This week, Brian reports on a successful launch to production and thinks about the “colours of bits” applied not to a financial framing, but from the perspective of academic paradigms.1
The Pilot Soil Monitoring and Incentives Program launched last week and the code that FAIMS3 is working on is powering the app being used to collect well-integrated geospatial and lab data!
In development news, we’re starting to work on updating Capacitor to version 3 for iOS support and planning Q2 development.
On the Colour of Bits, Paranoia, and implications to data collection paradigms:
From “What colour are your bits?”:
In intellectual property and some other fields we're very interested in information, data, artistic works, a whole lot of things that I'll summarize with the term "bits". Bits are all the things you can (at least in principle) represent with binary ones and zeroes. And very much of intellectual property law comes down to rules regarding intangible attributes of bits – Who created the bits? Where did they come from? Where are they going? Are they copies of other bits? Those questions are perhaps answerable by "metadata", but metadata suggests to me additional bits attached to the bits in question, and I'd like to emphasize that I'm talking here about something that is not properly captured by bits at all and actually cannot be, ever. Let's call it "Colour", because it turns out to behave a lot like the colour-coded security clearances of the Paranoia universe. [emphasis mine]

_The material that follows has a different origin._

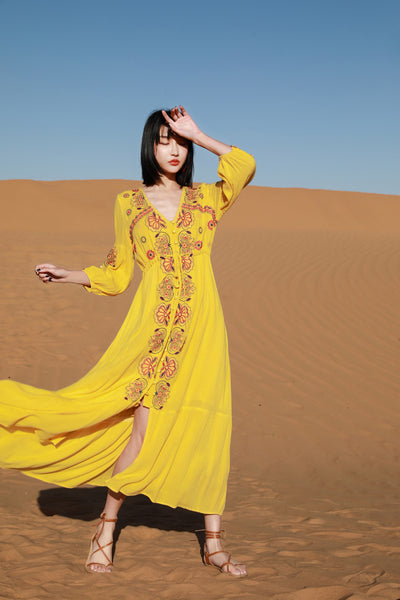 Autumn Elegant Floral Bohemian Boho Long Sleeves Embroidery Tunic Loose Tie Waist Dress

Newtonian science, for instance, is not simply a set of four conjectures – the three laws of mechanics and the law of gravitation. These four laws constitute only the ‘hard core’ of the Newtonian programme. But this hard core is tenaciously protected from refutation by a vast ‘protective belt’ of auxiliary hypotheses. And, even more importantly, the research programme also has a ‘heuristic’, that is, a powerful problem-solving machinery, which, with the help of sophisticated mathematical techniques, digests anomalies and even turns them into positive evidence.

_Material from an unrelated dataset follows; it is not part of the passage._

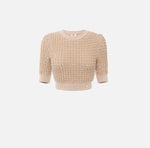 Top aus Bouclé mit Pailletten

Sitting somewhere between a programme’s heuristic and its hard core are the allowed academic colours of bits: a fundamental understanding of what digitally collected data can and should be able to measure/record/document3. We’ve been down this road before as we negotiate the names-of-things and the organisation-of-things; this feeling is a very familiar one, where the nature of what-should-be is discussed.
Colours in fieldwork
To be clear, my perspective on the colour of bits of astronomers comes from a very very very outsider’s perspective — all I have seen (besides an undergrad astronomy unit at RIT two decades ago) are the expressed priorities in design of a scientific tool by our colleagues at AAO. From my digital humanities perspective, the ‘colour’ of bits in astronomy — their coded-in design assumptions about “what makes a valid record” — tends much more towards the colour-blind CS implementation: a bit is a bit, fungible, and therefore all bits must be held to the same standards of rigour: why would you ever want to commit iffy bits to the database so other people could read them? This design-space of ‘yes, of course you want to share only the highest quality data…’ neglects the pragmatic heuristics of various disciplines I’ve had to deal with.
There, unfortunately, exist many colours of bits in fieldwork-disciplines, due to many reasons:
Technical literacy and the pragmatic realities of what constitutes academic research over in Arts (and the social sciences)

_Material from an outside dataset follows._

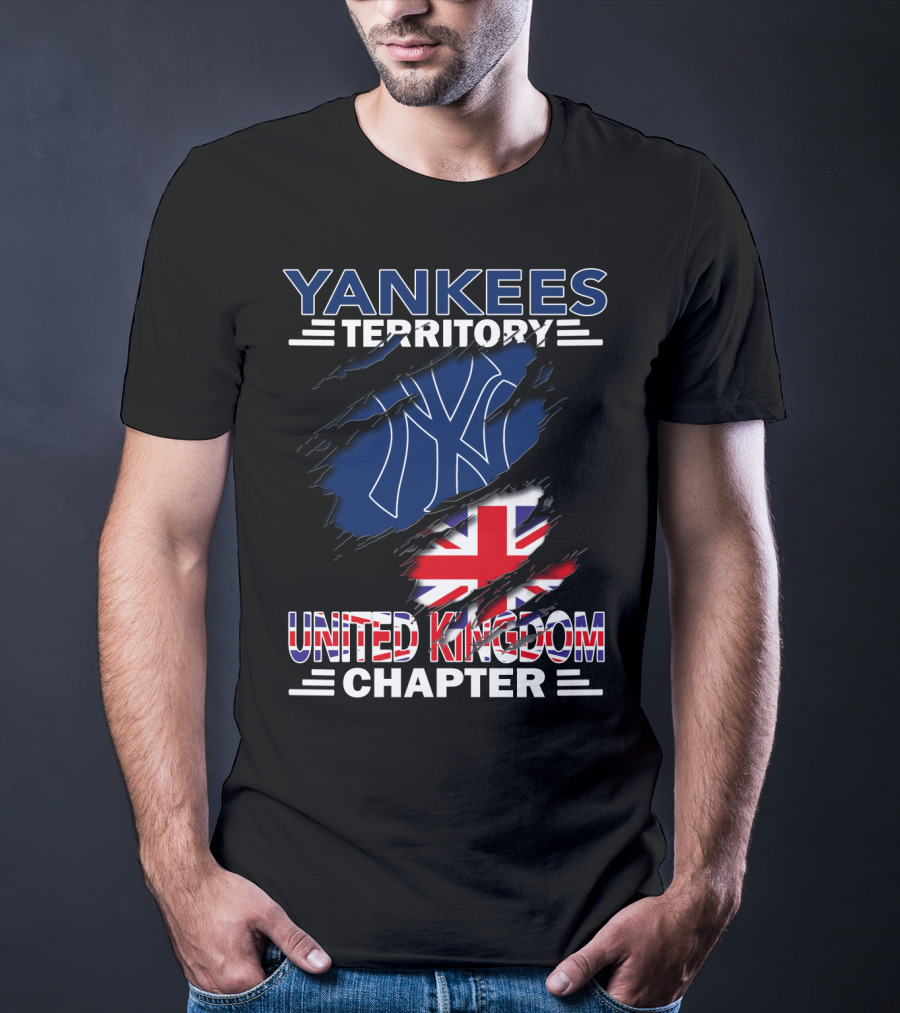 Yankees Territory United Kingdom Chapter Logo Union Jack Rips T-Shirt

Temporal spread of the record (sometimes different people at hugely different times need to contribute to a record before it’s “complete”
Literal, physical, uncertainty — some things are unknowable from the evidence at hand, but that shouldn’t prevent creating what data we can know
Granularity — sometimes high data quality isn’t desirable. It’s either unaffordable, not helpful to the goals of the person in charge, not a known problem (we’re trying to fix this last bit), or a judgement call about a rushed field season and a very long data cleaning season
Divergence of theory and practice.
While I am firmly in camp reproducible data — it turns out that very few of my colleagues are, at least in their expressed preferences in how they want field data collection notebooks created. Aspects of method, discipline, provenance, annotations and certainty, someone’s philosophy of data, and — frankly — what they think a spreadsheet should be used for all colour a bit. We can claim that all of the former are meta- or para-data, but at a certain point it becomes turtles all the way down.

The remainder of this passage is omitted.